Jesús supo de los rumores que circulaban por el pueblo. Se trataba de un tal Juan, una extraña persona que vivía en el desierto y del que algunos decían que era un profeta, otros se atrevían a vaticinar que era Elías, aquel que fue arrebatado por un carro de fuego y que ahora habría vuelto.

 Jesús prestaba atención a todo esto y como su madre, lo guardaba en el corazón. Pero un día sintió el impulso, la llamada y tomó la decisión, también él, como cualquiera de sus vecinos, iría a recibir el bautismo de Juan, presentía que se trataba de un hombre de Dios.

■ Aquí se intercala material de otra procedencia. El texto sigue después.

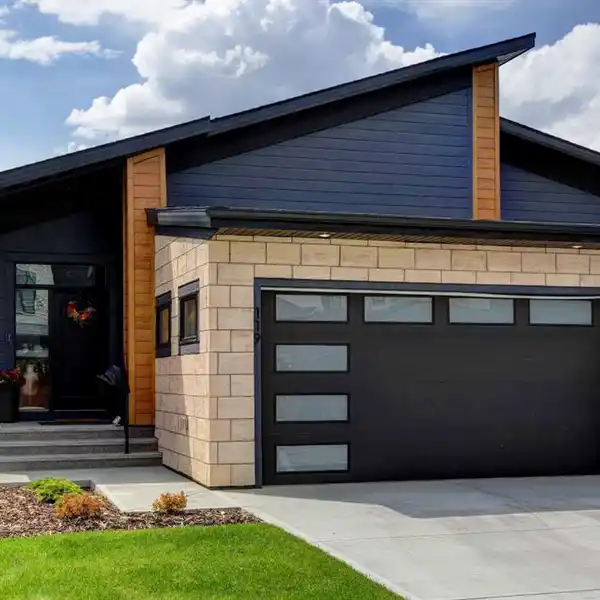 ARCHITECTURAL ELEGANCE IN PARKSIDE SERENITY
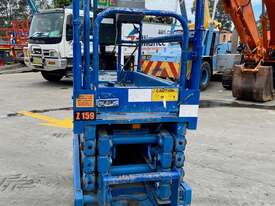 Upright MX19 Electric Scissor Lift - picture2' - Click to enlarge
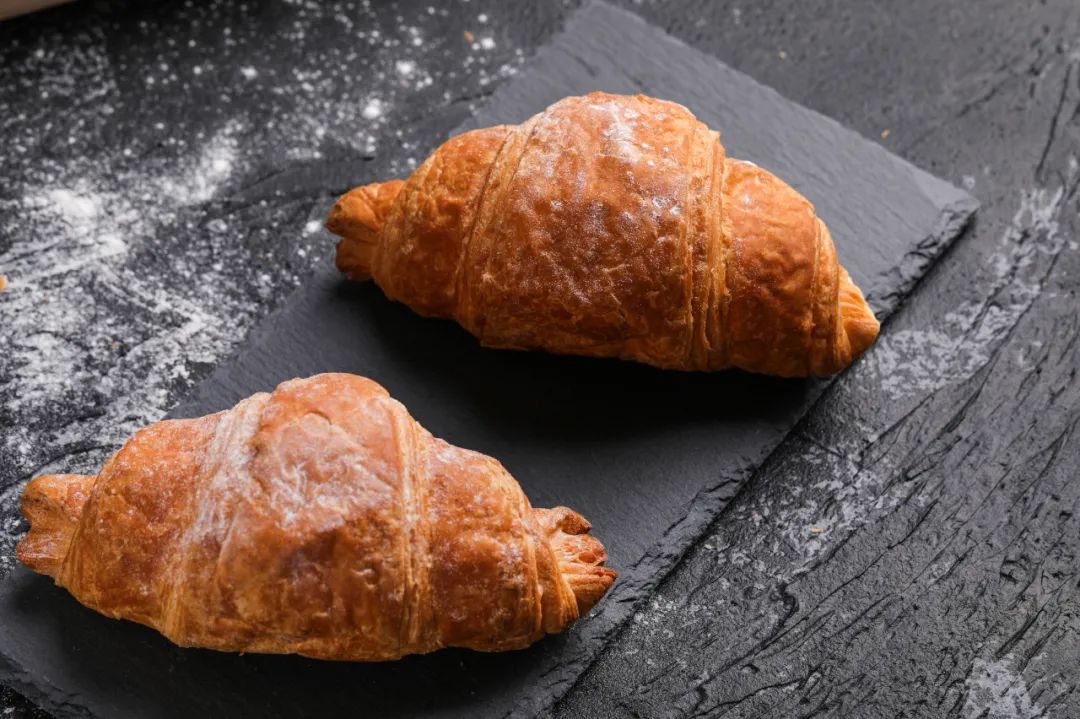 蓝瓶咖啡将在中国开设第二家店;美团试水骑手评价算法新规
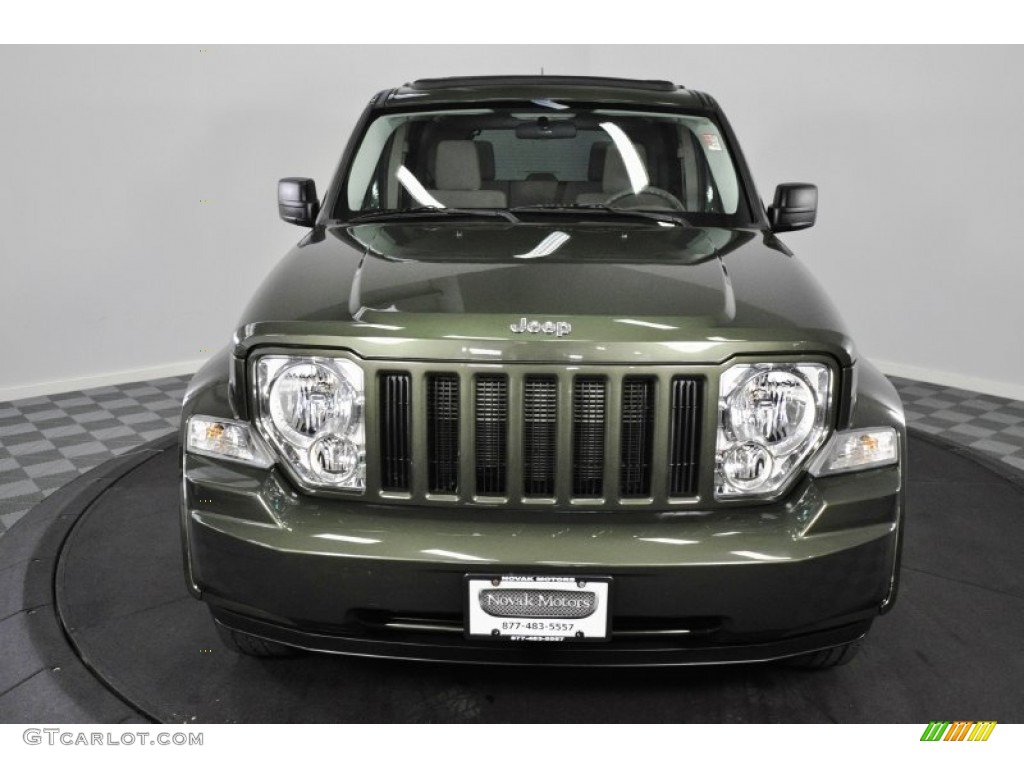2008 Liberty Sport 4x4 - Jeep Green Metallic / Pastel Pebble Beige photo #8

La cosa pudo ser así o no, lo que sí hay consenso en admitir que fue un hecho histórico el que Jesús acudiese a pedir el bautismo de conversión. De no serlo a los primeros cristianos no se les habría ocurrido tal cosa ya que ello podría evidenciar una posición de inferioridad de Jesús con relación a Juan. Cosa que éste tuvo buen cuidado en evitar. “No, yo no soy más que un grito, mi bautismo es solo de agua, es solo un rito de conversión, Él sí; Él os bautizará con el Espíritu, un bautismo que os llenará de Dios, yo no soy digno de desatar su sandalia”

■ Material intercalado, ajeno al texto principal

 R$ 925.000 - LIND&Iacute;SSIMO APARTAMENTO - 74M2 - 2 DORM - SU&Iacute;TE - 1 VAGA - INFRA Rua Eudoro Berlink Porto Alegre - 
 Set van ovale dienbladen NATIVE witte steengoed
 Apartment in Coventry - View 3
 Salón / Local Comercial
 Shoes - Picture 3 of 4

Entretanto, ¿Qué pensaba y que sentía Jesús?

El Santo ¿necesitaba conversión? ¿Siendo Dios, no se trataba de una piadosa farsa para darnos ejemplo de humildad? Algo así decían los docetas, cuya doctrina fue condenada en el primer concilio de Nicea y algo así pasa si no por nuestra cabeza, alertada contra la herejía, quizá sí por nuestro percibir inconsciente.

No acabamos, ni siquiera comenzamos a considérale plenamente hombre, tuvo que venir otro concilio, el de Calcedonia, a ratificarlo como dogma de fe. Nos resulta más fácil y a nuestro alcance pensarlo como hombre sin alma humana porque ésta es sustituida por la divinidad, aunque no lo digamos así.

El fragmento de hoy es una teofanía, una manifestación de Dios que quiere expresarnos quién es Jesús, quién es este hombre que se acerca mezclado con la gente, en un bautismo general, ha ser sumergido en las aguas del Jordán.

Con el símbolo de las nubes rasgadas, el Espíritu en forma de paloma y una gran voz se nos presenta a Jesús, como Hijo predilecto y amado del Padre Dios.

Ahora estaba claro para el propio Jesús, que supo cuál era su misión, para qué había sido enviado, por qué acampaba entre los hombres y está claro para nosotros, los que pretendemos seguirle. Es el Hijo amado del Padre y en Él también nosotros somos hijos. Con Él y como Él podemos sentir esa experiencia de sabernos hijos amados de Dios.

Pero la Voz divina nos dice algo más, sois mis hijos amados, pero Jesús es mi predilecto. Escuchadle, haced lo que Él os diga.